Dean (which was his first name, not his title) was the assistant director of Lutheran Memorial Camp, located just north of Columbus, OH.  He had been given my name by Sean.  They were in need of male counselors for the summer season, and he wanted to know if I was interested.  He asked a lot of things about my background, different experiences in my life, how I felt about working at a camp - it was basically a mini-interview via phone.  We talked on the phone for almost an hour.

The big catch was that training for counselors would be starting that Friday -- only three days away -- which would be not much time for me to prepare, if I was to accept a job offer.  Dean said he'd give me a day to think about it all, and that he'd call me back Wednesday morning.

My mind raced like crazy.  I couldn't believe this was happening, and from just one flippant remark I had made two days before!  There was so much to consider -- Where would I all put my stuff?  What would I need?  What about the plans I had made for the summer already?  How would I let people know?  Was I really qualified for this kind of job?  But the more I thought about it, the more I knew I wanted to do it.  It just felt right -- it HAD to be right.

wednesday, 2 june 1993

Wednesday morning came and I was ready with my answer.  Yes.  I would do it.  Dean had said that he would call me around 11:30 AM.  At 10:30 the phone rang and it was Dean.  I was a bit confused as to why he was calling me early, but we quickly remembered that he was in the Eastern time zone and I was in the Central time zone.

So I gave Dean my answer of "yes!", and upped the ante a bit -- I would get there a day early (Thursday) so that I could fill out my application and paperwork, and so that I could get familiar with the camp.  Dean said that would be great.  I then asked Dean to have Sean call me because quite honestly, I had no idea how to pack and prepare for an entire summer at camp.

Once I got Sean on the phone I had to harass him.  Jokingly of course.  I had never thought he would take me at my word of wanting to work at a camp.  Sean gave me the run-down of the place, and advised me on the types of things I should bring to camp for the summer.

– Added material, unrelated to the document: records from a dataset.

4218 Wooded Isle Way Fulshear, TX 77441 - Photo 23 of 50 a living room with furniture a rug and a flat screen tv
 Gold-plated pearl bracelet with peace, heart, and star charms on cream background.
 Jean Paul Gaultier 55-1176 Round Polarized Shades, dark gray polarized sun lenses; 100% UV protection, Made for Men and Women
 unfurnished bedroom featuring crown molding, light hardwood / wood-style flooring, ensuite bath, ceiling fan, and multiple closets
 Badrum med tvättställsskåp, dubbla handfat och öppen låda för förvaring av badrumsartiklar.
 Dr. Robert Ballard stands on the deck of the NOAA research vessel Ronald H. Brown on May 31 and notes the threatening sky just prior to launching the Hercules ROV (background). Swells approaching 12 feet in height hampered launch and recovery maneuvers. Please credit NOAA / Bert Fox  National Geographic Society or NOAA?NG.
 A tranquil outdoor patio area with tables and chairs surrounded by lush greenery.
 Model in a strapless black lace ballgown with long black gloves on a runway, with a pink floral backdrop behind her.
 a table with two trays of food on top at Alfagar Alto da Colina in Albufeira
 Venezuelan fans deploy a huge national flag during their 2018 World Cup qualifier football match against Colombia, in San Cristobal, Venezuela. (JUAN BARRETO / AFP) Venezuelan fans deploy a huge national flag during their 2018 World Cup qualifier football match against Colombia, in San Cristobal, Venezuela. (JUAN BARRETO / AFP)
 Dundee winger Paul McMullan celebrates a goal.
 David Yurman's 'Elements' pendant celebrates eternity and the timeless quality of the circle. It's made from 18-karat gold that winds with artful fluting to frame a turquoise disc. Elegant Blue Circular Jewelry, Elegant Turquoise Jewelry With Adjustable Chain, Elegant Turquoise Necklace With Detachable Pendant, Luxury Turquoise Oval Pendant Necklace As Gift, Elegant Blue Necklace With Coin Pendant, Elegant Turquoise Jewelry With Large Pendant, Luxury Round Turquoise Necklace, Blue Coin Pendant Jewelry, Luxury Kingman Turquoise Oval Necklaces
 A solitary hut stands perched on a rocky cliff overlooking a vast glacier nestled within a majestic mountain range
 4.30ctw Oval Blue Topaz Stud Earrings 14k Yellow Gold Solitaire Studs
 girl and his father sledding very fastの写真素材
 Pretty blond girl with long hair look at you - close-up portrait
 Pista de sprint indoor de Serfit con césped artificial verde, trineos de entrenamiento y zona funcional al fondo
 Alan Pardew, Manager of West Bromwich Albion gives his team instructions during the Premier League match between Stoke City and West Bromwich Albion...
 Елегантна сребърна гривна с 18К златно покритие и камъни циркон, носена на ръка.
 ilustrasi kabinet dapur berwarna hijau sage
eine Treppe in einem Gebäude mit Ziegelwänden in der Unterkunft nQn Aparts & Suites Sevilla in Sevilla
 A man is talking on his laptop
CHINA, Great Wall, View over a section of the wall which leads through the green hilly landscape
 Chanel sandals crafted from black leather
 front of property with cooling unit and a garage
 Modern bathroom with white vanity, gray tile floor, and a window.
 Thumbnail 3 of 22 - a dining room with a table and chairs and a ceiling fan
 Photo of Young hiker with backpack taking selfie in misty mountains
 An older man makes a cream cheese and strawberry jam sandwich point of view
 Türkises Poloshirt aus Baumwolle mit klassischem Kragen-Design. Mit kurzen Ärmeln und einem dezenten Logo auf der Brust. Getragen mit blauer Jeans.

The rest of that Wednesday turned into a day from hell.  I spent most of the day packing up and storing my stuff in the fraternity house, making a ton of phone calls, shopping for things I needed, and packing what I would need for the summer at camp.  It was a pretty crazy day, but I was excited about the whole prospect of being a camp counselor for the summer.

Later that night, Mark finally called me back.  His camp had some jobs available, and he wanted to know if I was interested!  I had to laugh -- now I had TWO camps that wanted me.  Well, I had to turn Mark down.  He seemed kind of miffed that I accepted another job, but I told him I really didn't have a choice.  LMC had called me and made a job offer already, and I couldn't wait to find out if Mark would have a job to offer me or not.

thursday, 3 june 1993

Thursday I continued to pack up, and I hit the road shortly after lunch time.  I had no idea how long it would really take me to get to LMC.  I had never been there before, and certainly didn't know the route I had been given.

Later that evening I arrived at LMC and thus began my adventure as a camp counselor.

Even more ironic -- while I had arrived at LMC "early" so that I could fill out paperwork and the like, I never completely filled out and turned in my application until the END of the summer.  It had become a running joke that I had never applied to work there, and it just kinda went from there.

To this day, I'm still amazed at this whole story and chain of events.  It led to one of the most exciting chapters in my life -- my two summers as a counselor at Lutheran Memorial Camp.